4.08.2017

I like the rain.

I like the rain, but I don't like it when it's raining. I like the spring but it rains too much, besides all that sunshine and light and beauty makes me feel like I should go out there and experience life, and for the most part I'd like to stay here, cozy and alone with just my computer for company. And sometimes a guitar, and it'd be nice to have a cat around to occasionally cuddly up to me but that's it. Some human companionship after so many hours but that's it. If I didn't have anywhere to go ever that's all I'd do, be here, reading, writing, watching stuff, taking some photos and shooting videos although for the last 2 I give myself the pressure to actually go somewhere that isn't here in order to create them, but if I wasn't really into those, and didn't ever have to then I'd never go anywhere until it got to the point where I can't stand being here doing nothing seeing no one anymore while simultaneously being so entropied both physically and emotionally that my anxiety of the outside world makes me unable to experience it. At least, I think so, I haven't gotten quite that far yet before there was a need to go somewhere, maybe it would.

Why am I telling you this? Well, why not, I've got a blog, might as well throw something up there.

5 comments:

Anonymous said...

I’m not dissimilar to you in that I have a penchant for sitting at home, all cozy and snug, locked safely away from the rest of the world. I have a guitar too, but learning it turned out to be a forlorn hope, due to god knows what, though the clever money is on me being thick. That would account for my failure at horse-riding, painting, photography, and various other disciplines (I was once told by a horse riding teacher that I was the worst student she’d ever had).
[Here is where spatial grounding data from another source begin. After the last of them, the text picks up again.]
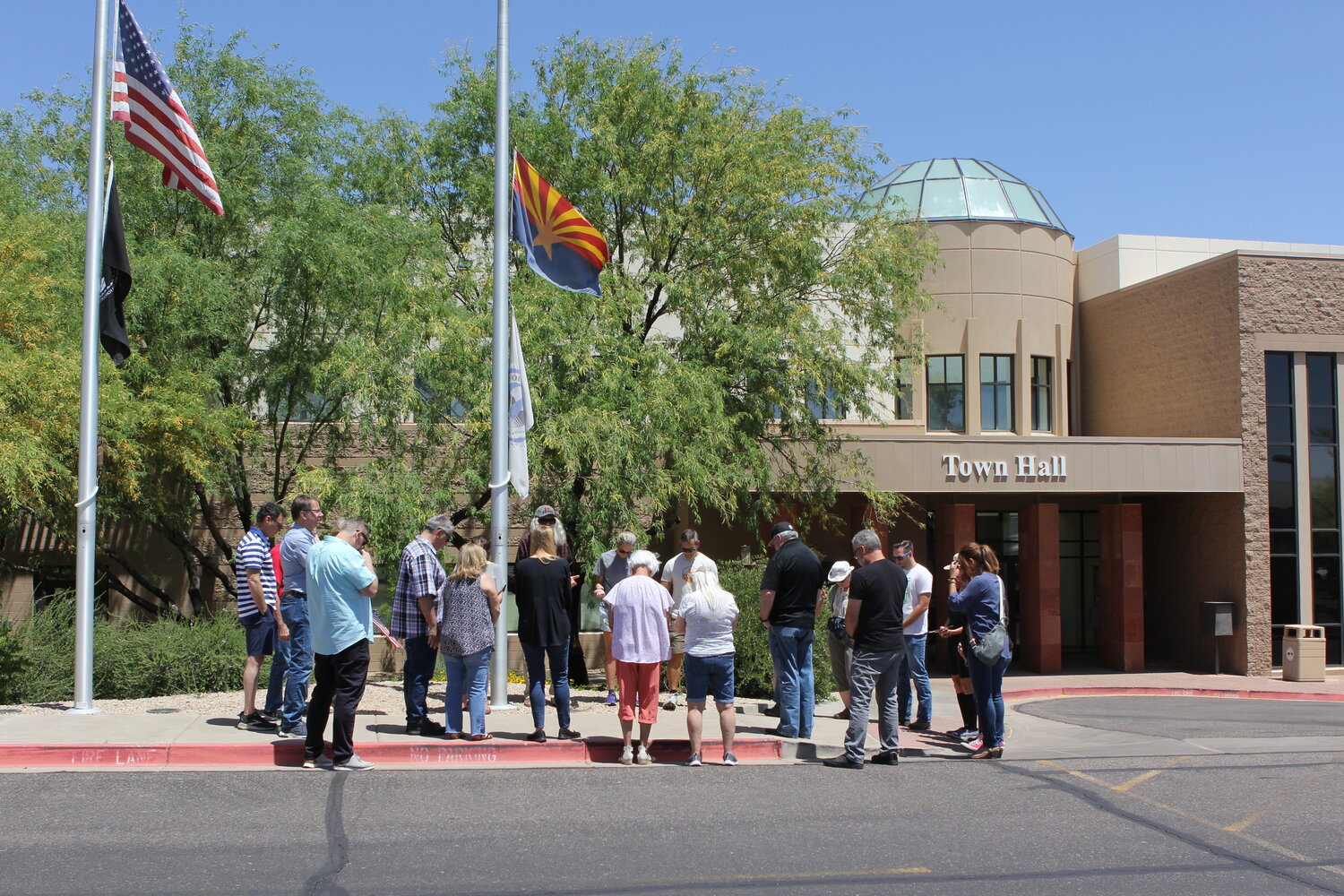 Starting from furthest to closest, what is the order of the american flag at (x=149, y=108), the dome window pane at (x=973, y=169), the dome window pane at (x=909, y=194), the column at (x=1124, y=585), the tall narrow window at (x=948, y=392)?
the dome window pane at (x=973, y=169) → the dome window pane at (x=909, y=194) → the tall narrow window at (x=948, y=392) → the column at (x=1124, y=585) → the american flag at (x=149, y=108)

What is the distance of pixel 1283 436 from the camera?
73.7 ft

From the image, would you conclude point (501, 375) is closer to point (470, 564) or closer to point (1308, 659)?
point (470, 564)

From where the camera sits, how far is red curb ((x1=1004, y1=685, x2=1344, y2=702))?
60.1 feet

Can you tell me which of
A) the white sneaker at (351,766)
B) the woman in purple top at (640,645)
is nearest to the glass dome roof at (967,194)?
the woman in purple top at (640,645)

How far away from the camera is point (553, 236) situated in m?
12.1

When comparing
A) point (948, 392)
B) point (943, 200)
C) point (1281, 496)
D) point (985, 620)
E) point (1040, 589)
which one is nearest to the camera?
point (985, 620)

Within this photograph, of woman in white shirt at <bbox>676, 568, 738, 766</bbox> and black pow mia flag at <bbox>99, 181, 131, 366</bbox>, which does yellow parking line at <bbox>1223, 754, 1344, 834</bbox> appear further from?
black pow mia flag at <bbox>99, 181, 131, 366</bbox>

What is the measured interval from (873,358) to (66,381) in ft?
38.7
I counter the “thick” jibe when I choose to be kind to myself, and I say I have “attitude problems”, because It sounds better than “stupid”. Well whatever, I still enjoy (some of the time) day-dreaming of a time where I’ve reached an advanced stage in a creative endeavour, though nevertheless, I’m still beset with guilt for not getting my arse into gear and going out into the fresh air. And for the record, since I retired 3 years ago my lack of effort regarding the great outdoors has actually, really and truly, and measurably, resulted in physical entropy: I’m withering girl, positively withering. As for emotional entropy, I’m not sure that I understand, so if you could point out the symptoms to me, I bet I have ‘em!

Michelle said...

well.. emotional is more like not being able to function among people, having anxiety about things considered unremarkable by most people, like, I dunno, going to the Post Office and stuff like that, making the first move toward getting a job, like reading the whole ad for the job in order to compose and send an email in reply (both anxious activities in themselves)stuff like that. I have slightly higher anxiety levels about stuff like that than the average person, I think, but if I were ever to get to the state I described, which I haven't but if I were, then it would be particularly pronounced. Either that explains it or I'm just rambling until the end of the sentence for something to say in lieu of that. I'm gonna stop now.

Anonymous said...

Gotcha!

Yeah, I got all of those symptoms.

Hey ma! I'm emotionally entropied!

Michelle said...

hey at least you recognise it

Anonymous said...

Well, even staying in has its hazards. Not sure if I've already mentioned this, but the kitchen here has just been refurbished, which entailed having to "entertain" two (sometimes) three guys for a whole week. I put on my best face and bantered as well as making their tea, but in truth, I was as tense as fuck... my castle had been invaded! Actually, my anxieties are often non-specific, inasmuch as, I can have nowhere to go and nothing to do (in theory, heaven) but still experience a low-level of fear. I'm crazy.